In two months the Church will mark the 50th anniversary of this important document.  Over the next five weeks I'll review this very special document.  I encourage readers to read the document itself (available online at  www.vatican.va   under "resource library/Second Vatican Council").  But readers already know much that it teaches.  You see the principles of this document each Sunday, when you pray in church with your brothers and sisters at Mass.  In an attempt to make the basic ideas of SC come alive, I'll tell some stories and invite you to reflect on these themes.

REVIEWING HISTORY.  Sunday, November 22, 1964, 5:00 p.m. Mass in St. Wendelin Church, in the Carrick neighborhood of the city of Pittsburgh.  I am a 6th grader serving the last Mass in Latin.  I've forgotten which parish priest said the Mass (Msgr. Carl Hensler, the elderly pastor, or Father John Michaels, the young assistant).  With the other server I said the opening prayers at the foot of the altar in Latin, which Sister Mary Jude had helped us to memorize the previous year:  "Introibo ad altare Dei, ad Deum qui Laetificat iuventutem mean."  [In English, "I shall go up to the altar of God, the God who gives joy to my youth."]  The following week we began a "hybrid" Mass, part Latin, part English.  Within four years we were fully in English.
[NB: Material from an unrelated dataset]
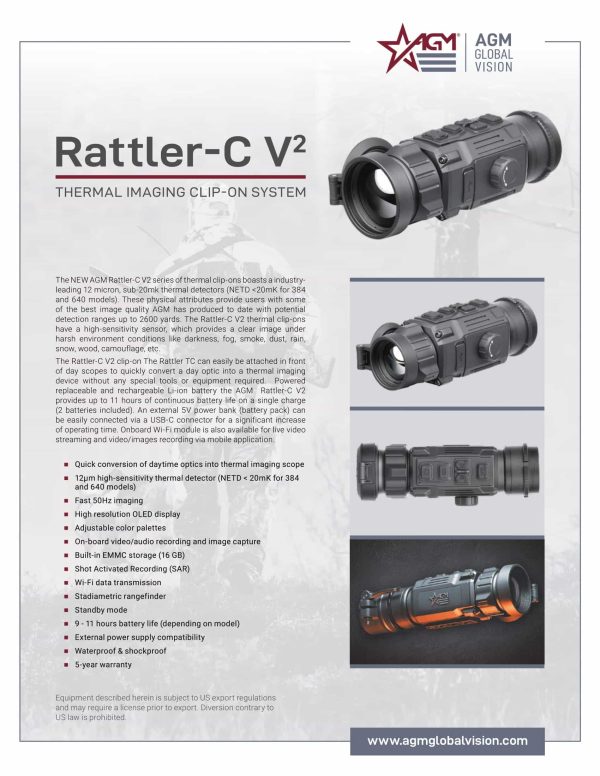 AGM RATTLER-C V2 19-256 Thermal Weapon Sight (Free NightSnipe NS10,000 AGM Battery Pack!) - Image 6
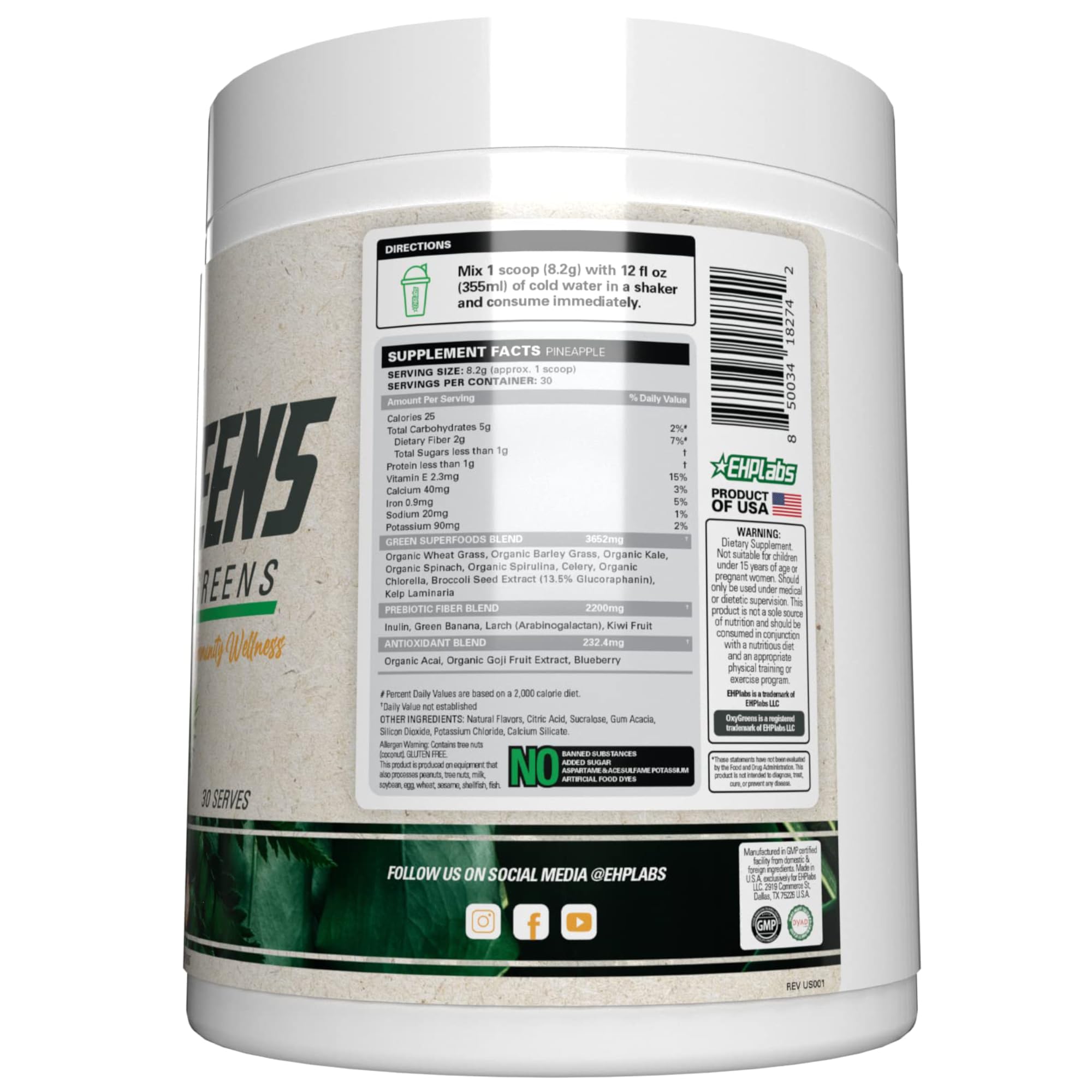 EHP Labs OxyGreens Pineapple daily-serve cup with spoon, ready for smoothies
The Constitution on the Sacred Liturgy may have been the first document approved by Vatican II, but it had a 100 year history of preparation.  In the 19th century German Benedictine monks began reading the ancient liturgical texts in their dusty archives, and found a wealth of information about how the Catholic Church celebrated Mass in the different centuries.  They also found how the Mass prayers changed over time.  This "liturgical movement" expanded to France, Britain and the U.S.  By 1947 it was endorsed by Pope Pius XII, who made some changes to the Easter Vigil in 1955.  The monks and scholars looked backward in time, to learn better the various traditions of prayer, particularly of the sacraments.  They also faced forward, in "aggiornamento," (an Italian word which means bringing things up to date, sometimes also translated as "opening the windows").  Pope John XXIII, who called for the Second Vatican Council in 1959, wanted the Church to be open to the modern world, while always retaining and renewing its venerable traditions.

"FULL, ACTIVE AND CONSCIOUS PARTICIPATION".  The St. Paul Seminary chapel in the 1970s was a large airy room on the second floor of the DPC building.  Each of us seminarians had his own prie-dieu (kneeler) and chair.  But at Mass we were invited by our priests, Msgr. Don Kraus and Father George Saladna, at the Preface to leave our kneeler and place, and to come up into the sanctuary and stand in a semi-circle around the altar as the priest said the Eucharistic Prayer.  As my brother seminarians surrounded the altar, some kneeling and some standing in prayer, I intensely felt we were the body of Christ as we sang and responded to the presiding priest.

One of the key understandings which Vatican II taught was that the Mass, and all the sacraments, are celebrated by the whole church.  In the words of SC, we the baptized are "neither strangers nor silent spectators," but rather called to "full, active and conscious participation" in all rites.  The people of God participate using their voices in singing and in responding to the priest in dialogue, using their bodies by standing, kneeling or moving in processing, using their minds and souls while sitting or standing in attentive silence at the proclaiming of the Sacred Scriptures.  The priest is not the only one "working" during the Mass.  The various ministers carry out their respective ministries, and all people through the church participate and spiritually offer the sacrifice.